On the Who's 1979 tour, only four songs were played live: "Sister Disco", "Music Must Change", "Trick of the Light", and "Who Are You". On that tour, "Sister Disco" was played quite close to the studio version, but with the country-style acoustic guitar outro replaced by a more bluesy, electric one. The country-style outro returned in 1989 with Townshend on acoustic guitar, and in 2008–09, when he could switch his Fender from 'electric mode' to 'acoustic mode'. Townshend actually stated in an interview that this was one of his least favourite songs to perform live (the other being "Dreaming from the Waist"), as Daltrey encouraged Townshend to share a microphone whilst harmonizing on the final vocal tag, evoking a camaraderie Townshend stated didn't really exist. It was played in the tours of 1979, 1980, 1981, 1982, 1989, 2008 and 2009.

"Music Must Change" was often given an extended workout live, with performances usually ranging from seven to nine minutes. It was played in the 1979, 1980 and 1981 tours; it was rehearsed for the 2002 tour, but Entwistle died before the start of that tour and the band were not able to perform the song.

"Trick of the Light" was performed occasionally on the Who's 1979 tour, with Entwistle on eight-string bass and Townshend playing one of the Alembic basses Entwistle used on the 1975–1976 tours.

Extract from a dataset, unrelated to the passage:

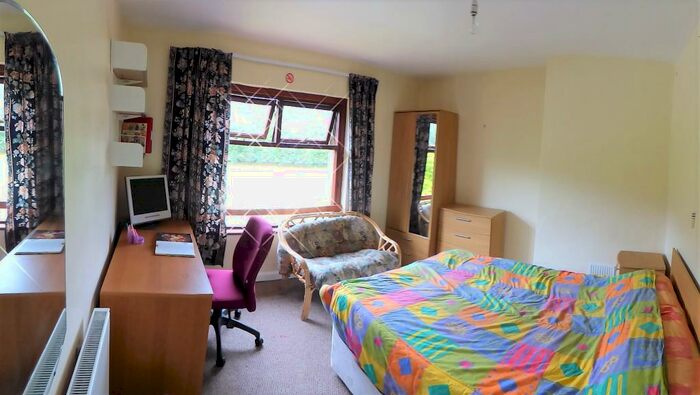 4 Bedroom House To Rent In Ffordd Ceiriog, Bangor, Gwynedd, LL57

It made its return to the setlist in 1989, with Townshend on electric guitar for the two Toronto dates in June, and on acoustic guitar for the rest of the tour.

The Who have not been known to play "New Song", "Had Enough", "905", "Guitar and Pen", and "Love Is Coming Down". However, the John Entwistle Band used to play the Entwistle-penned songs.

==Re-releases==
In May 1985, MCA Records released the album on CD. There were no extra tracks on this CD, as it only contained songs from the original LP.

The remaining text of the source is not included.